In my experience, the latter presentation tends to actively drive away the
best candidates, and communicates a lack of understanding of the job to be
done. This is not an absolute; sometimes you really do need a specific
skillset. For example, one great company I worked at almost universally hired
solid developers regardless of particular checkbox skills. We knew that the
good ones would come up to speed, and we'd often benefit greatly from cross-
pollination from differing backgrounds. However, there were definite instances
where we needed a true specialist, e.g. in a specific, deep platform UI
framework. Then we sought and found _solid developers_ who were also top of
their game in the needed skills.

In the latter ad copy above, a "<language X> Developer" often has the
connotation not of a targeted specialist hire, e.g. "expert in <language X>".
Instead it comes across as lazy recruiting: "warm body who checks off this
box".

------
oalders
There is mention at the very bottom of this article that a great way to
improve your Perl skills is to participate in the Google Summer of Code (GSoC)
or the Outreach Program for Women (OPfW). I've been involved in the selection
process of both of these programs for The Perl Foundation this year and in the
past. This year The Perl Foundation is participating in both programs.

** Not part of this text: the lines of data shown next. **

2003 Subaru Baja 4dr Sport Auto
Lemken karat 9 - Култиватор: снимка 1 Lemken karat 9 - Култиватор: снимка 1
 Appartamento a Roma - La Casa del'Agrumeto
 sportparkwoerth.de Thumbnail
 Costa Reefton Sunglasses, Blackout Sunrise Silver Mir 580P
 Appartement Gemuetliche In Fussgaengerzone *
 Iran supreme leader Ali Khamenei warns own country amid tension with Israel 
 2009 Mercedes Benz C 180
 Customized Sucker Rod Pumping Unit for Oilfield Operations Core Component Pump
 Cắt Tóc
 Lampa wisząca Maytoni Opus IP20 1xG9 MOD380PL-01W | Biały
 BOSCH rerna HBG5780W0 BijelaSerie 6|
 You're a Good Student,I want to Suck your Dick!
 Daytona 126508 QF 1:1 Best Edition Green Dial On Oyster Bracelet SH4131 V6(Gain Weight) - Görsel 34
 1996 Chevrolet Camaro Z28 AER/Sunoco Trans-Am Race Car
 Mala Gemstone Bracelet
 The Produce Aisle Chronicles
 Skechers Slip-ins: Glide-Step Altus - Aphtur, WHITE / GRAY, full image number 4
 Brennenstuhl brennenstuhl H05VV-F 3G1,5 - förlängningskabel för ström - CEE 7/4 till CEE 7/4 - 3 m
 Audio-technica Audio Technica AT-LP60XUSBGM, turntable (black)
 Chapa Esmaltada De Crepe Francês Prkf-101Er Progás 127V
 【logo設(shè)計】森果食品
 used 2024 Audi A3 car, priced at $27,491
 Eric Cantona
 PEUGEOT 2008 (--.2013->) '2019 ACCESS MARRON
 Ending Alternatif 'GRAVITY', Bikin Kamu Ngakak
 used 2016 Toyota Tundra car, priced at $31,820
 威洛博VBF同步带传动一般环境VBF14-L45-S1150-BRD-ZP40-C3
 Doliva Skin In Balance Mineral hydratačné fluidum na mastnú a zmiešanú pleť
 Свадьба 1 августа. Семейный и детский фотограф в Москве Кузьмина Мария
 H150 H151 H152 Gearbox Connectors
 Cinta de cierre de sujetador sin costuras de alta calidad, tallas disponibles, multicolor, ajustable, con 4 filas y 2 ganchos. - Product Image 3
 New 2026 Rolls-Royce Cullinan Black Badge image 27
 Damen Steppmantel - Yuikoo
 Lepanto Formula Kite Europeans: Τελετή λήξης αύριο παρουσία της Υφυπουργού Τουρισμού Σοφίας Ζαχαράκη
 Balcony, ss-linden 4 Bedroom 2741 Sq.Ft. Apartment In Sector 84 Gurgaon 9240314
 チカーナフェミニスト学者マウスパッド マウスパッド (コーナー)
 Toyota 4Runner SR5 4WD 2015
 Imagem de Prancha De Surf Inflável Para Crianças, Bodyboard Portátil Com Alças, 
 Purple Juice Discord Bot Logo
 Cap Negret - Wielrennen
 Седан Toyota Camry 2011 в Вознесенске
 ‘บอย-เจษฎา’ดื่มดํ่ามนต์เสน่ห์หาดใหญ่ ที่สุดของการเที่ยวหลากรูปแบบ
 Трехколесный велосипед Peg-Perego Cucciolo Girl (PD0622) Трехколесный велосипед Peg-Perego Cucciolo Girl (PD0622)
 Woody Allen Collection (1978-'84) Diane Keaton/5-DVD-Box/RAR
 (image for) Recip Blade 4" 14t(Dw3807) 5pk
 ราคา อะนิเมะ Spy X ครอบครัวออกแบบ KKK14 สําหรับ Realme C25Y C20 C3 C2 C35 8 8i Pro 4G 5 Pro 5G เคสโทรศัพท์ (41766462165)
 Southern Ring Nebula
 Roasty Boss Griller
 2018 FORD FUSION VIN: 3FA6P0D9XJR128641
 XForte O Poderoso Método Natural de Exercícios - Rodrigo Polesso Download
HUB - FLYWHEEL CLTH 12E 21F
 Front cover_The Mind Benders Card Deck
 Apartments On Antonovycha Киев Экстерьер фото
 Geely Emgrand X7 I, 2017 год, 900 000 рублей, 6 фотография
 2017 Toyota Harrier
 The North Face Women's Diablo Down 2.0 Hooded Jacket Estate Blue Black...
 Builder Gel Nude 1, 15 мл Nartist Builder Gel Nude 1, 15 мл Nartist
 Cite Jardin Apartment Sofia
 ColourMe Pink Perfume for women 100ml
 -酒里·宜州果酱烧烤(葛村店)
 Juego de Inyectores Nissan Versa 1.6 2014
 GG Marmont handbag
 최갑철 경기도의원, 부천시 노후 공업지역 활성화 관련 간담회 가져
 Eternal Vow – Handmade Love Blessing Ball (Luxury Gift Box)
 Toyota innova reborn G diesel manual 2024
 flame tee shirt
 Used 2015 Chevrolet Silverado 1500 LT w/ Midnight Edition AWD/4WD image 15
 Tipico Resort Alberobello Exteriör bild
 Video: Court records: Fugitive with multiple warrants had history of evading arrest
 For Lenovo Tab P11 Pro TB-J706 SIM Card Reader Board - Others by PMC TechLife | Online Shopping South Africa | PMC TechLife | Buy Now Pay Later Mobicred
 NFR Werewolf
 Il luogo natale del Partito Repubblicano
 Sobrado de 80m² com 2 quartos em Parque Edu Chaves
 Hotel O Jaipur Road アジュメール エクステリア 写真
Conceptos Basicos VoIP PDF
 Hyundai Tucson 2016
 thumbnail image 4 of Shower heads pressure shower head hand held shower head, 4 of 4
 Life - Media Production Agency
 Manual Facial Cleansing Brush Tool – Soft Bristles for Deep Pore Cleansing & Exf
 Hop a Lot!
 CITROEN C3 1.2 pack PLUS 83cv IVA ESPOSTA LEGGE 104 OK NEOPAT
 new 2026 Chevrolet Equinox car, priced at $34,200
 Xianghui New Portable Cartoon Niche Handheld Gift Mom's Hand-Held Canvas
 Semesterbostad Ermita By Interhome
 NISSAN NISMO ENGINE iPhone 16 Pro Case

I spend a lot of my open source time working on Perl and specifically
[https://metacpan.org](https://metacpan.org) We have both a GSoC and an OPfW
participant currently working with us. They're learning a lot and contributing
a lot of really great work back to the project.

If you do want to get involved in something like this, my advice would be to
get to know the project you want to be involved with well before the deadline.
Reach out to one of the project leaders. Find out how you can get involved.
Start contributing patches as soon as you can. When the time for applications
comes, ask for feedback on your proposal _before_ you submit it. Writing a
strong proposal is a skill in its own right and something that will benefit
you in your later professional life as well.

Conversely, if you lead an open source project, don't wait until the call for
submissions to start trying to recruit students. Get the word out early so
that you can better judge who would be a good applicant.

Having this kind of experience under your belt can help a lot when considering
Perl (or other languages) as a career option. I'm happily coding Perl full
time, but even if that's not the path you eventually take, it's still a great
tool to have access to.

------
Moto7451
I went from working at Silverlight shop to a Perl shop two and a half years
ago. The experience has been great. The article hits the nail on the head in
terms of pros and cons.

The learning curve going from C# to Perl wasn't that bad. Both are expressive
and share a number of idioms. Moose is easily one of the best parts of the
toolkit and the one thing I miss most when doing Objective C and C# projects.

------
krylon
Back during my training, I used to do practically all of my coding in Perl. I
loved it. Then I stumbled upon Python and Ruby, and I did not look back for a
long time. When I did, I realized how much I disliked Perl's type system (or
lack thereof). I sort of drifted around for a while between Python, Ruby, and
Lua (although I do not really like Lua as a stand-alone scripting language, it
totally rocks as an embedded scripting/extension language).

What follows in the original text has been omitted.